With every mark kept, transcribe all of the records.

Excerpts from a dataset
◇ ◇ ◇ ◇
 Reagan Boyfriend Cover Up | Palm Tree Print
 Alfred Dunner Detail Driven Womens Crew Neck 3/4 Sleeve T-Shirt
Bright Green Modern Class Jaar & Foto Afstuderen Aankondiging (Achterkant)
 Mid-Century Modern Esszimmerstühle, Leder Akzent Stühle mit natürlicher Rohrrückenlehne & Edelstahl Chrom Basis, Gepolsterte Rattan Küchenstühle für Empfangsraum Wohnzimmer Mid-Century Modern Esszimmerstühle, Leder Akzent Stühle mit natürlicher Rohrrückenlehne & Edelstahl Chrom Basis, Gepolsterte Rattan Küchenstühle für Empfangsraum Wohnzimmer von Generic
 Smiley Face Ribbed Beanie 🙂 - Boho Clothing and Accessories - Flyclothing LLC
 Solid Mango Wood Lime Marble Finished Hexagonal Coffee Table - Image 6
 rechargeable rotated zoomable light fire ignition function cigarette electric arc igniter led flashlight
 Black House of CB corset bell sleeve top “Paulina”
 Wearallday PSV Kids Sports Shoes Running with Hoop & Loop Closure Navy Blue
◇ ◇ ◇ ◇
### RESULT OF THE TASK
 Reagan Boyfriend Cover Up | Palm Tree Print
 Alfred Dunner Detail Driven Womens Crew Neck 3/4 Sleeve T-Shirt
Bright Green Modern Class Jaar & Foto Afstuderen Aankondiging (Achterkant)
 Mid-Century Modern Esszimmerstühle, Leder Akzent Stühle mit natürlicher Rohrrückenlehne & Edelstahl Chrom Basis, Gepolsterte Rattan Küchenstühle für Empfangsraum Wohnzimmer Mid-Century Modern Esszimmerstühle, Leder Akzent Stühle mit natürlicher Rohrrückenlehne & Edelstahl Chrom Basis, Gepolsterte Rattan Küchenstühle für Empfangsraum Wohnzimmer von Generic
 Smiley Face Ribbed Beanie 🙂 - Boho Clothing and Accessories - Flyclothing LLC
 Solid Mango Wood Lime Marble Finished Hexagonal Coffee Table - Image 6
 rechargeable rotated zoomable light fire ignition function cigarette electric arc igniter led flashlight
 Black House of CB corset bell sleeve top “Paulina”
 Wearallday PSV Kids Sports Shoes Running with Hoop & Loop Closure Navy Blue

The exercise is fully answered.